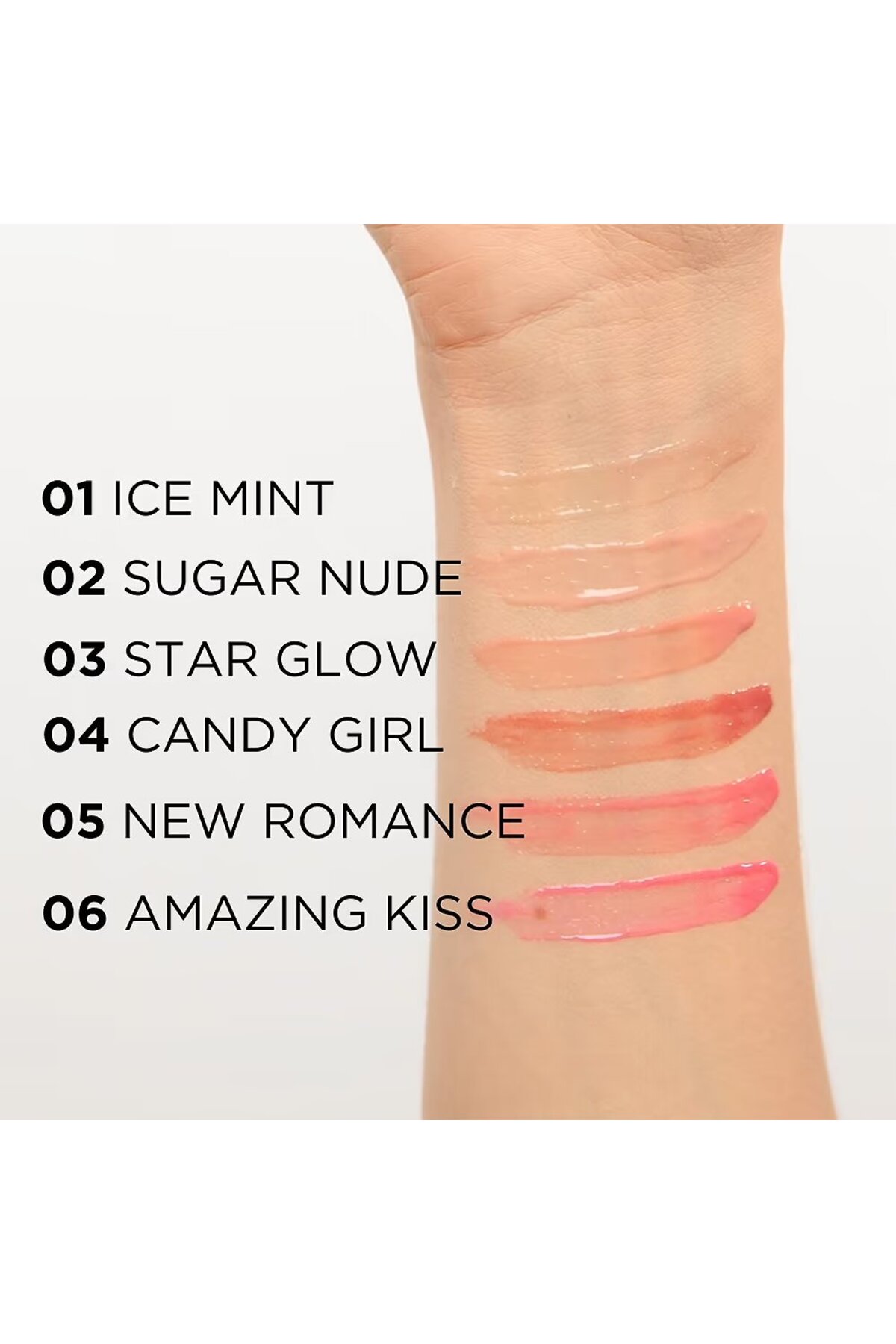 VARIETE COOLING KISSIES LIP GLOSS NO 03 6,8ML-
################
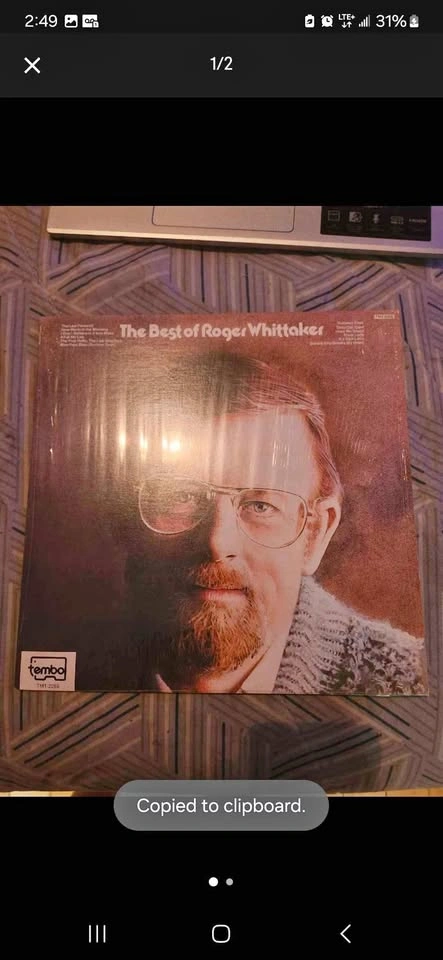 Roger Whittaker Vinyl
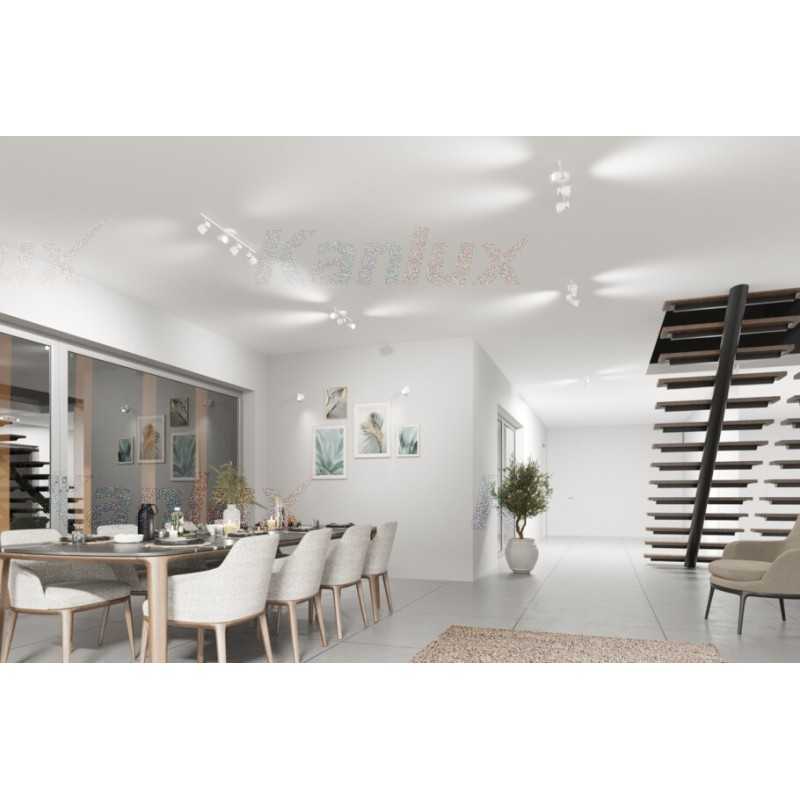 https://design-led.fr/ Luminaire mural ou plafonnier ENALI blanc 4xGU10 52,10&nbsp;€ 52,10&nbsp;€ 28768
################
### Exercise
Excluding any pictures, print exactly the lines of the listing above from the line with "Roger Whittaker Vinyl" to the line with "https://design-led.fr/ Luminaire mural", both ends included.

### Task result
 Roger Whittaker Vinyl
 https://design-led.fr/ Luminaire mural ou plafonnier ENALI blanc 4xGU10 52,10&nbsp;€ 52,10&nbsp;€ 28768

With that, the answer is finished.